= Pearsons of Nottingham =

Former department store in Nottingham

Pearson Brothers was a department store located in Nottingham, England, which closed in 1988.

==History==
Pearson Brothers started out in 1899 when Frederick Pearson bought a former ironmongery store called Wigglesworth based at 56 Long Row, which was rented. Frederick changed the name of the business to Pearsons and employed his two sons, Charles William and Tom, a porter and a small boy. The business not only had a shop but an office and a cellar with a water pump.

By 1894, electricity was being introduced to Nottingham, and Pearsons employed an electrical engineer to do contract work for customers. The store supplemented the electrical contract work by selling electrical goods within the store, becoming an official dealer for many products, including The Hoover Company in 1925. The business was growing quickly and the first of many extensions was built in 1898 at the rear of the store to accommodate a showroom for the new firegrates that the company had designed.

Over the next three decades, the business expanded the store in both size and the goods that it sold. However, the business slumped during the 1920s while the Council House was being built, as did many companies in the vicinity. But, in the 1930s, the business grew again by expanding the store and purchasing a secondhand motor vehicle for deliveries. The gramophone listening room was converted into a café during this decade, and the lease was extended with the property owner, Mr Joseph Darby, in 1934. During the 1930s, Laurie Pearson, son of Tom (one of the Pearson Brothers), invented and patented the first safe and practical electric blanket, while a special lift was added to cope with the different levels of floors.

After the war, the business celebrated its Diamond Jubilee in 1949, and by the end of the 1950s had become an authorised dealer for His Master Voice products from EMI, Coke and Gas burning appliances from East Midlands Gas Board, Redfyre Oil Heaters from Newton, Chambers and Co Ltd, and the sale of Silver from Mappin & Webb, among others. The company was also providing street lighting to the city and fire fighting equipment.

In 1966, the next major development to the store opened, with the new entrance on Upper Parliament Street in a Scandinavian style to try and modernize the firm's appearance. By 1986, the store had a coffee shop and a Planters restaurant, and opened a new £100,000 fashion floor.

==Closure==
The freeholders for the property where the store was built wanted to redevelop the location as an arcade and gave notice in 1987 to the grandson of the founder Robert Pearson. A fight was put up but unfortunately, by October of that year, the business accepted the offer for the lease. In January 1988, the store closed its doors for the last time, with the loss of 115 jobs.
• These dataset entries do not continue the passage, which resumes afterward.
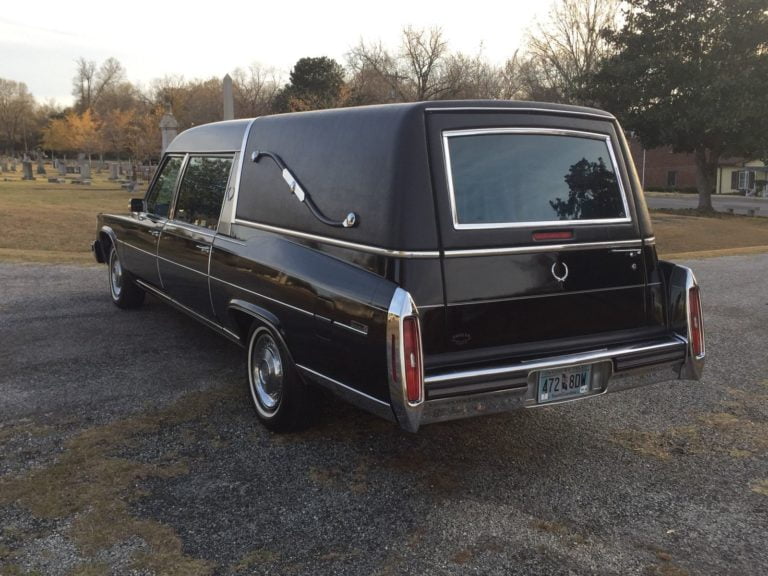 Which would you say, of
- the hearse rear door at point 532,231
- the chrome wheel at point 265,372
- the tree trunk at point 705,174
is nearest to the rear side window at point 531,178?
the hearse rear door at point 532,231

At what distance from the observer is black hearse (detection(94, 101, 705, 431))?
3.14m

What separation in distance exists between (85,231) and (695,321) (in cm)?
1428

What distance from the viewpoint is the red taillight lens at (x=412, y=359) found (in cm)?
295

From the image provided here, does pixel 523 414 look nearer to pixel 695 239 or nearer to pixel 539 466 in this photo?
pixel 539 466

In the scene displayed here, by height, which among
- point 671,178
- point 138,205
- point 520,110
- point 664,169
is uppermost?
point 520,110

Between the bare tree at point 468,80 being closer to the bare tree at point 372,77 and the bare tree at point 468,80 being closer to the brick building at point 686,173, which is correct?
the bare tree at point 372,77

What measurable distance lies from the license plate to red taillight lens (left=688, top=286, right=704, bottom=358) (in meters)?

After the development failed to materialize, it was dropped during 1990 by the owners Grosvenor Properties of London after their plans to demolish the Georgian façade was objected to. In 1993, planning permission was given to turn the site into a multi-storey car park and government offices. By 1996, no work had taken place and a fire destroyed the interiors of the building. The Upper Parliament building was eventually demolished to make way for the multi-storey development, while the Long Row buildings have since been converted into new retail space.